Photograph(s) Copyright ©P&H HARRIS

Polyboroides typus

Other Names

  English Harrier-hawk, Gymnogene, Banded Harrier-hawk   French Gymnogène d'Afrique   German Madagaskarhöhlenweihe   Spanish Aguilucho-caricalvo Común   Swedish Klätterhök   Dutch Afrikaanse kiekendief   Italian Sparviero serpentario

World: Africa - widely distributed in sub-Saharan Africa except in the arid regions of Somalia, Ethiopia and the SW.

Kenya: Uncommon in woodland and forest edge, absent from the arid northern regions.

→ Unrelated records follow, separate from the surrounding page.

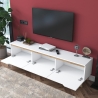 Meuble TV moderne 180 cm blanc et bois avec 3 portes Amelia Réductions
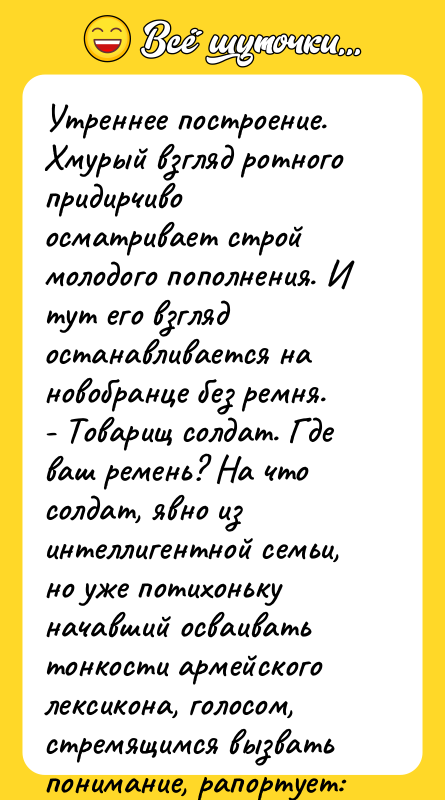 Утреннее построение. Хмурый взгляд ротного придирчиво осматривает строй молодого пополнения.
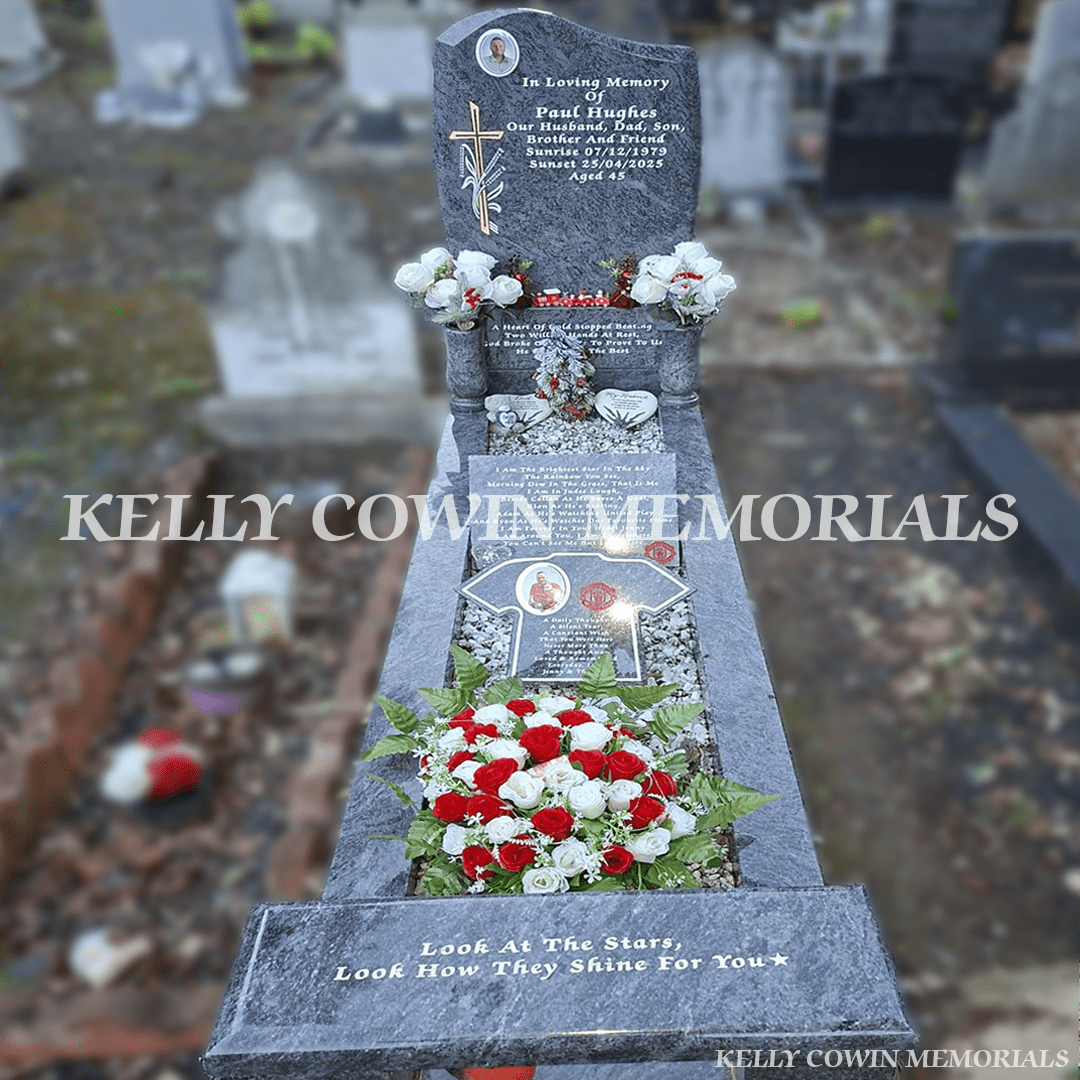 Blue Lagoon C1 Headstone With Granite Bench — Glasnevin Cemetery - Kelly Cowin Memorials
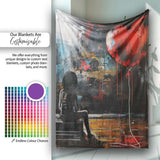 Girl Sitting with Red Heart Balloon Dark Urban Art, All Season Comfort, Stylish Room Decoration - Super Soft Fleece Blanket Bed Sofa Throw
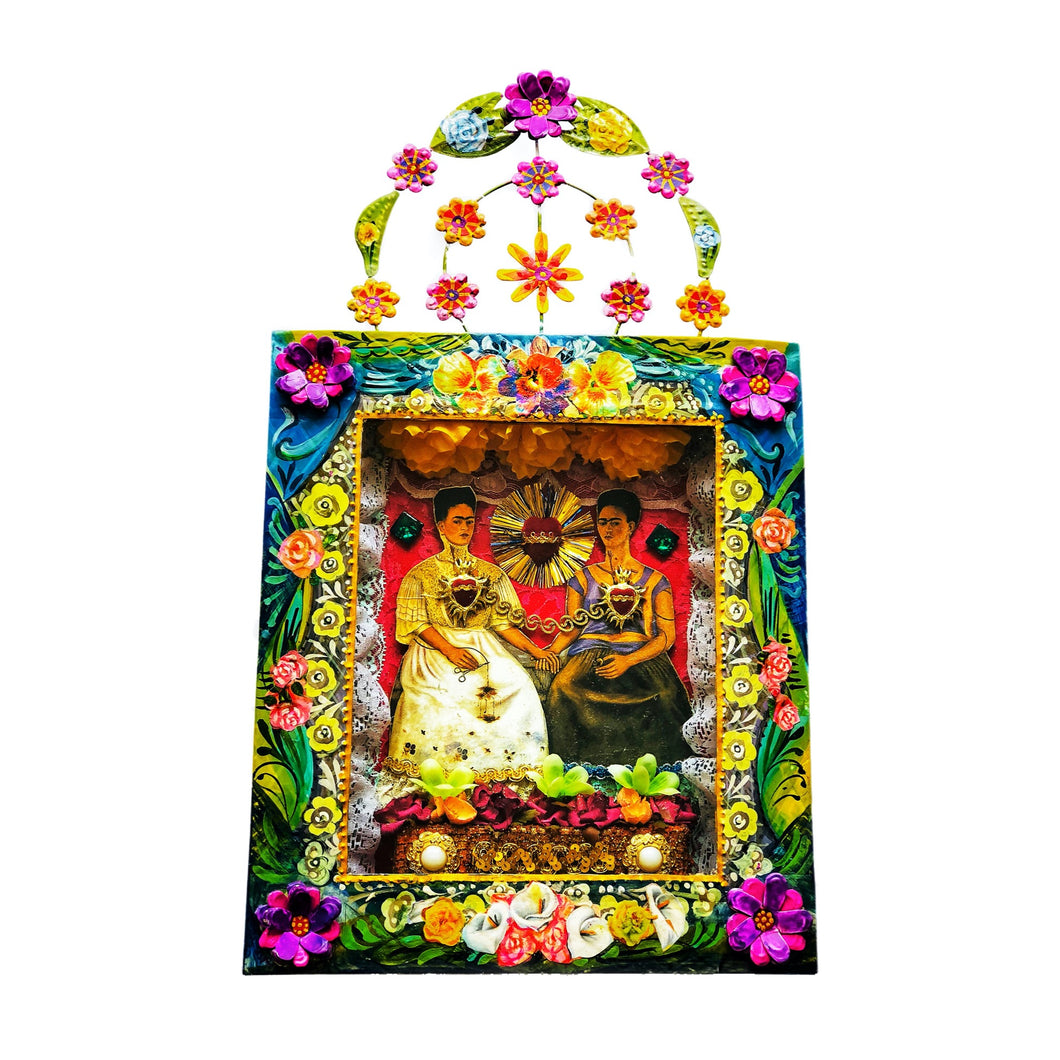 The Two Fridas Altar Hanging Box 50cm ' - Handcrafted Mexican Folk Art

This is a large hawk with extensive bare facial parts which change colour from yellow to a deep crimson shade. It has smallish feet for its size and has a very flexible tibio-tarsal joint which allows it to forage on the branches and trunks of trees. Its diet consists mainly of small mammals, birds (and their eggs), bats, squirrels, reptiles and insects. It will also eat oil palm and other fruits. It occasionally forages while walking on the ground and also from low coursing flight across vegetation. But it is its primary method of feeding that makes it a remarkable bird of prey. Its preference is for clambering along trunks, hanging onto the tree limbs by its feet with its wings dangling down and flapping to give it balance. It then probes with its slender bill for insects and their larvae, young animals, eggs or nestlings. African Harrier-Hawks can often be seen hanging from weaver nests while they pry the young or eggs out. In fact they use the small passerine habit of mobbing birds of prey that come a nest site, to their advantage as this identifies suitable foraging areas for them.